Kumbh Mela, a Hindu festival at the confluence of three sacred rivers, is the largest regular gathering of people on earth. Pilgrims come together at a time and place of divine indication, forming a massive swell of humanity from which a single type usually stands out: the sadhu, or holy man.
Hinduism’s wandering monks have been a feature of the Indian subcontinent for 3,000 years. They disdain the conventional way of life, cutting all ties with their family, hometown, and local caste group. They practice celibacy and let their hair grow into long, matted dreadlocks, acts of renunciation thought to infuse them with yogic potency.
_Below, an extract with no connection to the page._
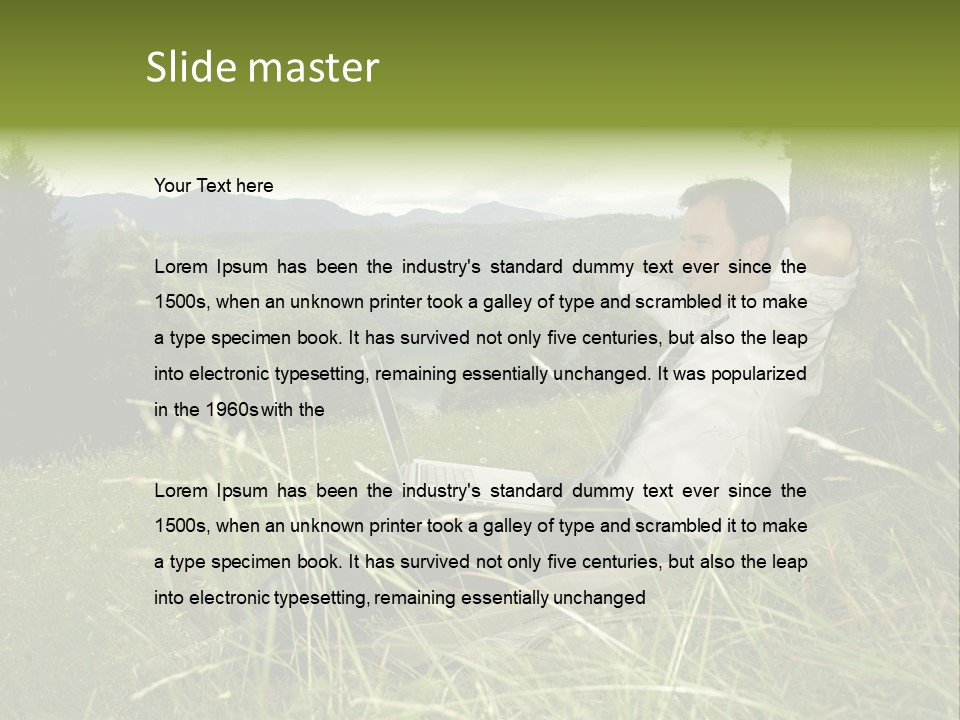 A Man Sitting In The Grass With A Laptop PowerPoint Template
Their meager earnings come from begging, and beyond the paraphernalia they use for religious rituals they might own nothing more than a scrap of cloth and a cooking vessel.
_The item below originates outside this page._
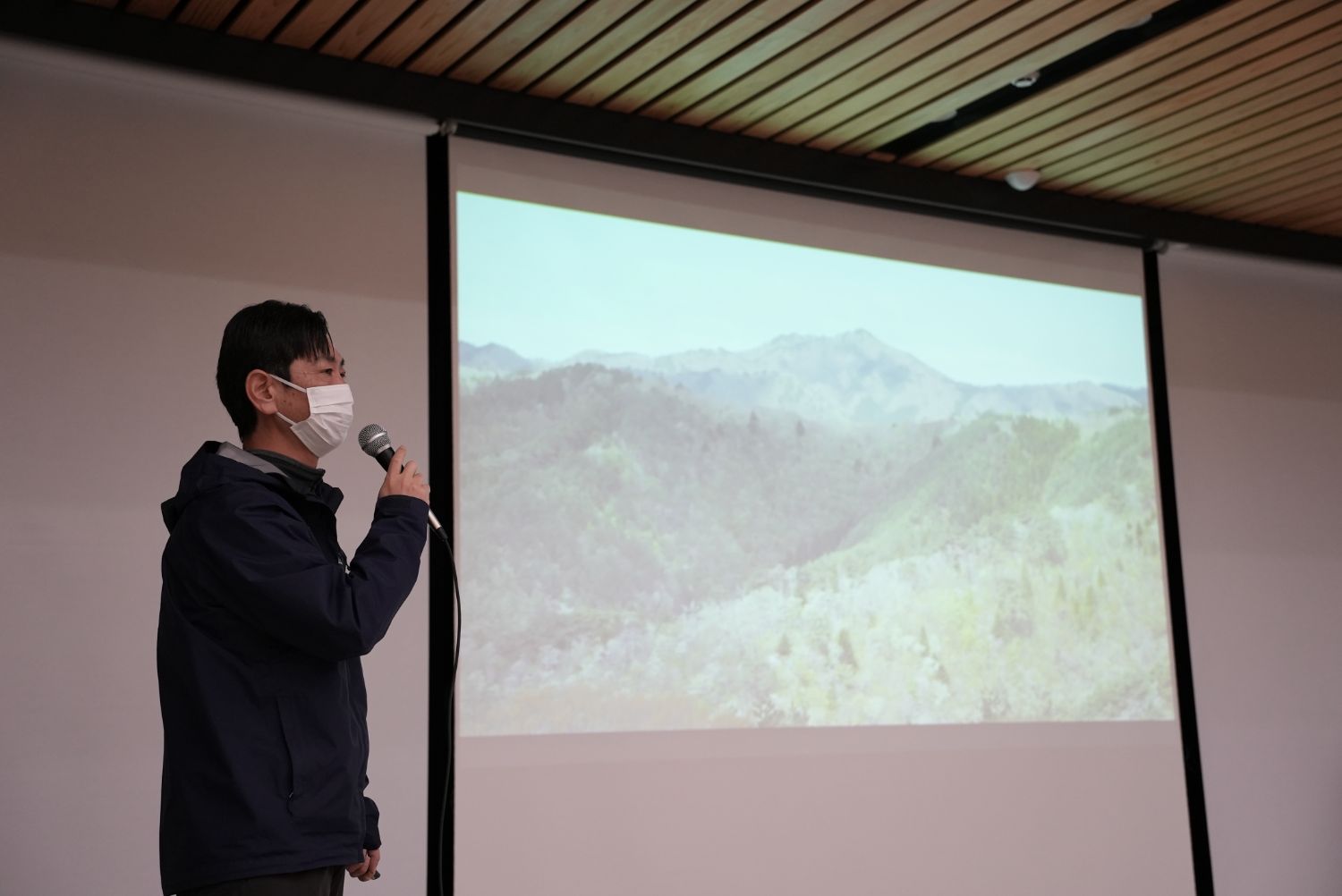 白いマスクとネイビーのジャケットを着た鈴木卓也さんが山の風景が映されたスクリーンの前でマイクを持ち、環境や自然保護について語っている様子の写真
These ascetics exist both inside and outside traditional Hindu society, Robert Lewis Gross writes in The Sadhus of India, “simultaneously on the edge of the world of men and the threshold of the Absolute.” Nowhere do they occupy this in-between space more dramatically than at the grand Mela, where they go from peripheral figures to masters of ceremonies.
An elite type of sadhu comes to the fore during the morning cleansing ritual. This is the naga sadhus, or naked sadhus, who join to escort pilgrims to the river. They cover themselves in ash, their ghostly pallor suggesting processes of cremation and sacrifice and the ultimate immateriality of the flesh. And they take on a militant air as they lead the charge, waving spears and tridents. Until recently, rival naga sadhu sects did vicious battle for river access. Their wild side now takes milder forms, like smoking hashish and performing feats of strength. (Some of these latter involve the penis.)
Unlike ordinary holy men, the naga sadhus, inspire both fear and respect. They disrupt the social order, even as they remain a somewhat volatile part of it, and inject the Mela’s regenerative rituals with a primeval hint of danger.